═══ INFORMATION SHOWN
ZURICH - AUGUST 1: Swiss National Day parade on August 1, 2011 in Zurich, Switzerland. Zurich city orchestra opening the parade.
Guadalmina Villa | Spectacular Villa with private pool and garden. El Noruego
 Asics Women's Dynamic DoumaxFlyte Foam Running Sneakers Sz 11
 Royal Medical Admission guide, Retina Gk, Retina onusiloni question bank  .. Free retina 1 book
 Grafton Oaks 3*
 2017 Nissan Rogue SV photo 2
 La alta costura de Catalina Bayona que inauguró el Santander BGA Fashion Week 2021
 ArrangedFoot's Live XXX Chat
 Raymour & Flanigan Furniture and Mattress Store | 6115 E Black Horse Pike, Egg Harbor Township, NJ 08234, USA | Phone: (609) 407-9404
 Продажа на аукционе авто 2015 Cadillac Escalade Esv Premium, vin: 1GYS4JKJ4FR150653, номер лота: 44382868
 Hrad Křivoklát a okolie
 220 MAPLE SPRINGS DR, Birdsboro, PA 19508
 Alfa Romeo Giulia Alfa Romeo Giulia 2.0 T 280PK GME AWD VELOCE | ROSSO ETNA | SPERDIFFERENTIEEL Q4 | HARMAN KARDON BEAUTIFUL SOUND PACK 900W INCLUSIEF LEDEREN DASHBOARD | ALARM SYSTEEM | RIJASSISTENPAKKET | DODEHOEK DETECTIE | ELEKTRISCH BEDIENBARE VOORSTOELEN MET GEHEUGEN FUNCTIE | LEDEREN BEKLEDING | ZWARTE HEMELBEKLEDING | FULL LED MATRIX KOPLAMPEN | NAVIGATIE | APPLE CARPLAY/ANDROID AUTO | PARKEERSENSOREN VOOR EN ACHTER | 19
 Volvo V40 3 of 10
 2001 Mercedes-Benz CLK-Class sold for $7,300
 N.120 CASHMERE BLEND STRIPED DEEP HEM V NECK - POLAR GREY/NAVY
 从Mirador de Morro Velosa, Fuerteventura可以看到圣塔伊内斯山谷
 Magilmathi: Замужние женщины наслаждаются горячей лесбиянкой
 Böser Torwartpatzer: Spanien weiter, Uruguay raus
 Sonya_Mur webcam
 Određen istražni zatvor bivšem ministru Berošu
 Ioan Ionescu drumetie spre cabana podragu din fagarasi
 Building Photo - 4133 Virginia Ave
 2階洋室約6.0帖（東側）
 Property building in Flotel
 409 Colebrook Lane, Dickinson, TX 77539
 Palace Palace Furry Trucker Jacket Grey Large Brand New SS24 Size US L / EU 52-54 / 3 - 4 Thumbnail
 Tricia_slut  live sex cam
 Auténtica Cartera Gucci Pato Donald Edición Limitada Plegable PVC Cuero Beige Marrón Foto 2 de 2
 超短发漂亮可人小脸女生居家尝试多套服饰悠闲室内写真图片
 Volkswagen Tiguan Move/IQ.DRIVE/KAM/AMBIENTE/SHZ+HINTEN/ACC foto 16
══════
## PROBLEM TO SOLVE
An acceptable answer repeats every entry exactly, with nothing omitted.

## SOLUTION TO THIS PROBLEM
ZURICH - AUGUST 1: Swiss National Day parade on August 1, 2011 in Zurich, Switzerland. Zurich city orchestra opening the parade.
Guadalmina Villa | Spectacular Villa with private pool and garden. El Noruego
 Asics Women's Dynamic DoumaxFlyte Foam Running Sneakers Sz 11
 Royal Medical Admission guide, Retina Gk, Retina onusiloni question bank  .. Free retina 1 book
 Grafton Oaks 3*
 2017 Nissan Rogue SV photo 2
 La alta costura de Catalina Bayona que inauguró el Santander BGA Fashion Week 2021
 ArrangedFoot's Live XXX Chat
 Raymour & Flanigan Furniture and Mattress Store | 6115 E Black Horse Pike, Egg Harbor Township, NJ 08234, USA | Phone: (609) 407-9404
 Продажа на аукционе авто 2015 Cadillac Escalade Esv Premium, vin: 1GYS4JKJ4FR150653, номер лота: 44382868
 Hrad Křivoklát a okolie
 220 MAPLE SPRINGS DR, Birdsboro, PA 19508
 Alfa Romeo Giulia Alfa Romeo Giulia 2.0 T 280PK GME AWD VELOCE | ROSSO ETNA | SPERDIFFERENTIEEL Q4 | HARMAN KARDON BEAUTIFUL SOUND PACK 900W INCLUSIEF LEDEREN DASHBOARD | ALARM SYSTEEM | RIJASSISTENPAKKET | DODEHOEK DETECTIE | ELEKTRISCH BEDIENBARE VOORSTOELEN MET GEHEUGEN FUNCTIE | LEDEREN BEKLEDING | ZWARTE HEMELBEKLEDING | FULL LED MATRIX KOPLAMPEN | NAVIGATIE | APPLE CARPLAY/ANDROID AUTO | PARKEERSENSOREN VOOR EN ACHTER | 19
 Volvo V40 3 of 10
 2001 Mercedes-Benz CLK-Class sold for $7,300
 N.120 CASHMERE BLEND STRIPED DEEP HEM V NECK - POLAR GREY/NAVY
 从Mirador de Morro Velosa, Fuerteventura可以看到圣塔伊内斯山谷
 Magilmathi: Замужние женщины наслаждаются горячей лесбиянкой
 Böser Torwartpatzer: Spanien weiter, Uruguay raus
 Sonya_Mur webcam
 Određen istražni zatvor bivšem ministru Berošu
 Ioan Ionescu drumetie spre cabana podragu din fagarasi
 Building Photo - 4133 Virginia Ave
 2階洋室約6.0帖（東側）
 Property building in Flotel
 409 Colebrook Lane, Dickinson, TX 77539
 Palace Palace Furry Trucker Jacket Grey Large Brand New SS24 Size US L / EU 52-54 / 3 - 4 Thumbnail
 Tricia_slut  live sex cam
 Auténtica Cartera Gucci Pato Donald Edición Limitada Plegable PVC Cuero Beige Marrón Foto 2 de 2
 超短发漂亮可人小脸女生居家尝试多套服饰悠闲室内写真图片
 Volkswagen Tiguan Move/IQ.DRIVE/KAM/AMBIENTE/SHZ+HINTEN/ACC foto 16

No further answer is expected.